** EXERCISE GOAL **
Reproduce the complete set of records exactly. No picture is to appear in the copy.

Image-caption web data:
====

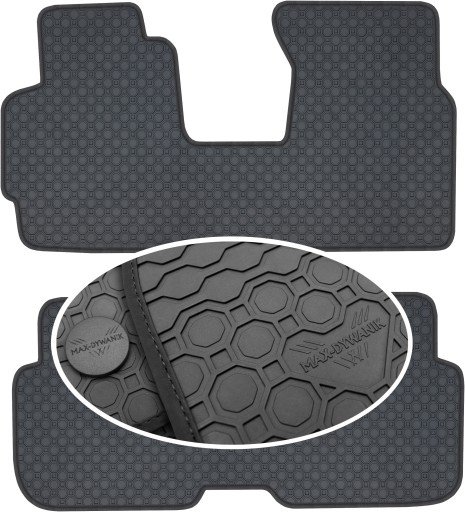 Honda CR-V I SUV 1995-2002 гумові килимки PrimeLiner - Чорні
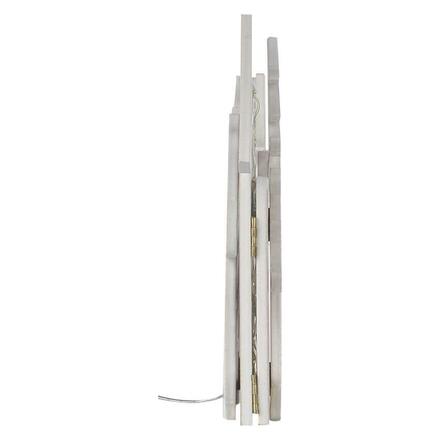 EMOS LED dekorace dřevěná - vesnička, 60 cm, 2x AA, teplá bílá, časovač DCWW41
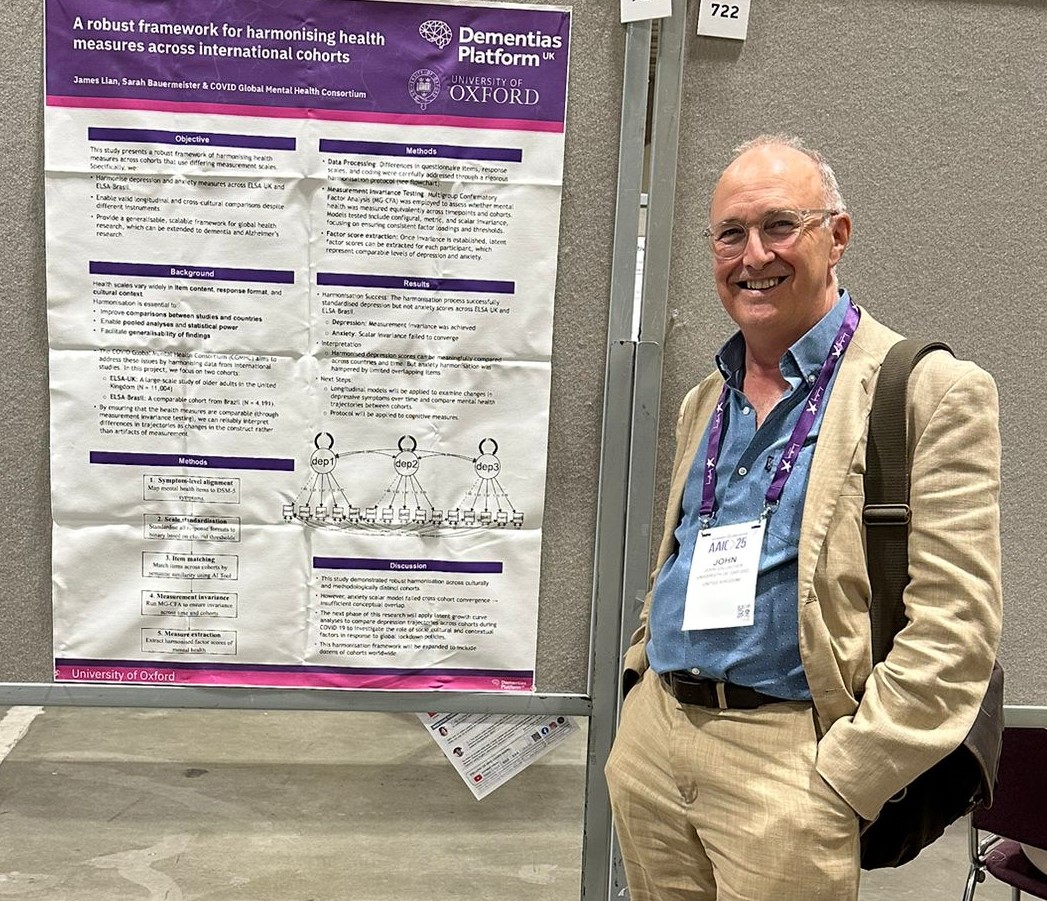 It's been great to be in Toronto for #AAIC25. Delighted to see so many <a href="/DementiasUK/">Dementias Platform UK</a> people and their posters and good to meet international &amp; industry friends too to talk about inspiring future projects. #Dementia  #cognition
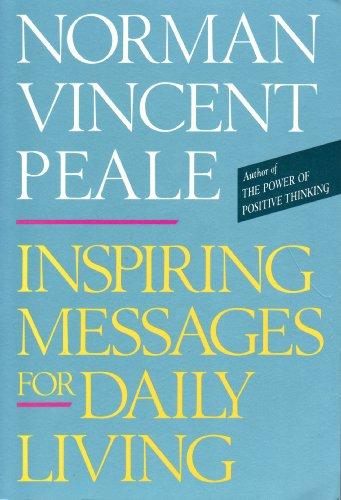 Book Inspiring Messages for Daily Living. free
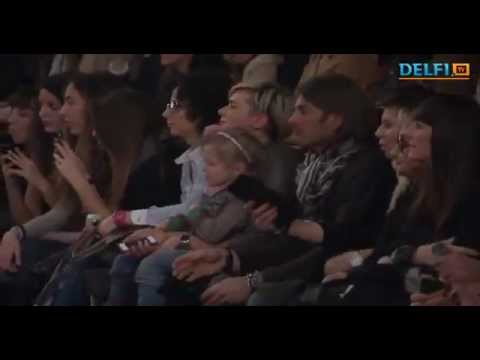 Italian Frankie Morello fashion houses of Milan Fashion Week, presented a collection of 2012-2013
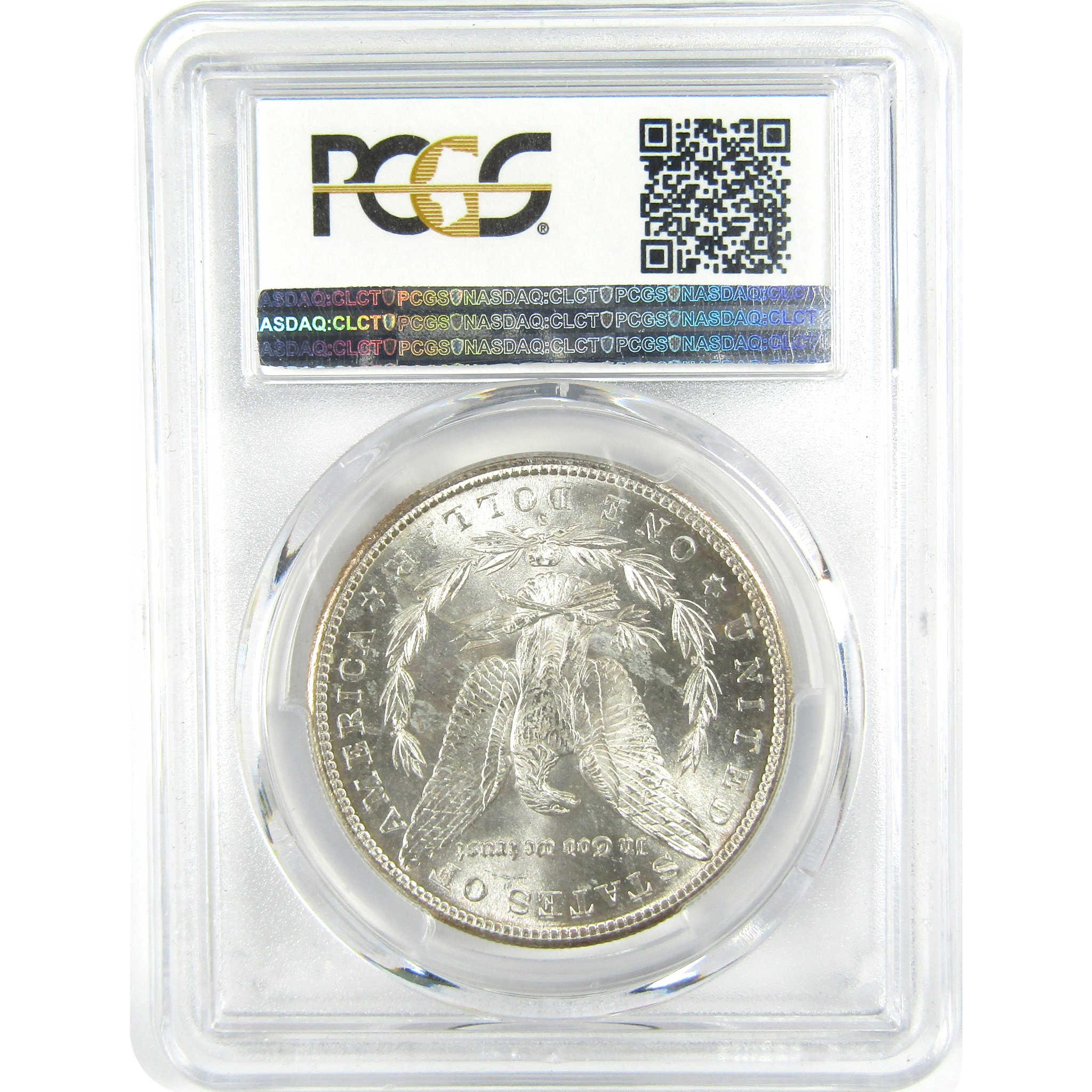 1885 S Morgan Silver Dollar MS 64 PCGS Uncirculated $1 Coin SKU:I27491 - Morgan coin - Morgan silver dollar - Morgan silver dollar for sale - Profile Coins & Collectibles
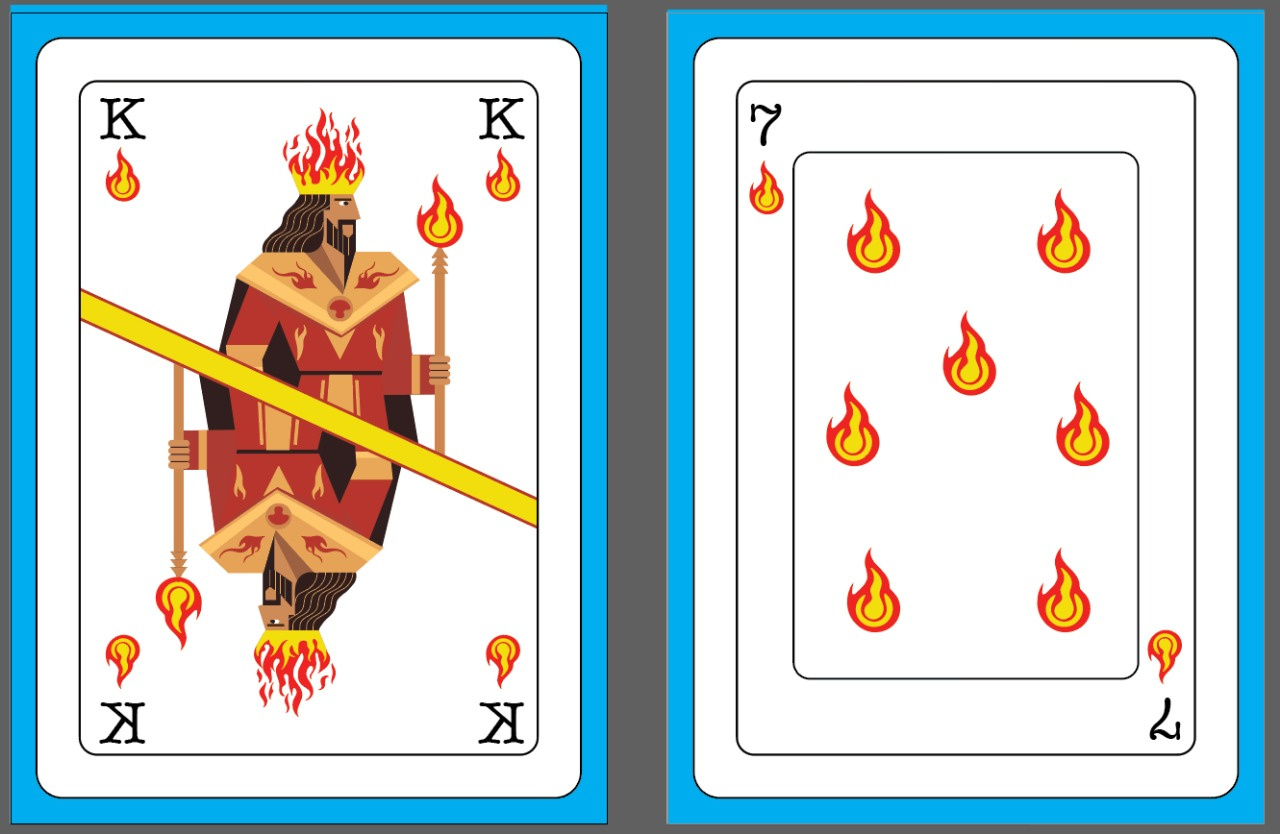 Example of Tarot Card Design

====

** SOLVED EXERCISE **
 Honda CR-V I SUV 1995-2002 гумові килимки PrimeLiner - Чорні
 EMOS LED dekorace dřevěná - vesnička, 60 cm, 2x AA, teplá bílá, časovač DCWW41
 It's been great to be in Toronto for #AAIC25. Delighted to see so many <a href="/DementiasUK/">Dementias Platform UK</a> people and their posters and good to meet international &amp; industry friends too to talk about inspiring future projects. #Dementia  #cognition
 Book Inspiring Messages for Daily Living. free
 Italian Frankie Morello fashion houses of Milan Fashion Week, presented a collection of 2012-2013
 1885 S Morgan Silver Dollar MS 64 PCGS Uncirculated $1 Coin SKU:I27491 - Morgan coin - Morgan silver dollar - Morgan silver dollar for sale - Profile Coins & Collectibles
 Example of Tarot Card Design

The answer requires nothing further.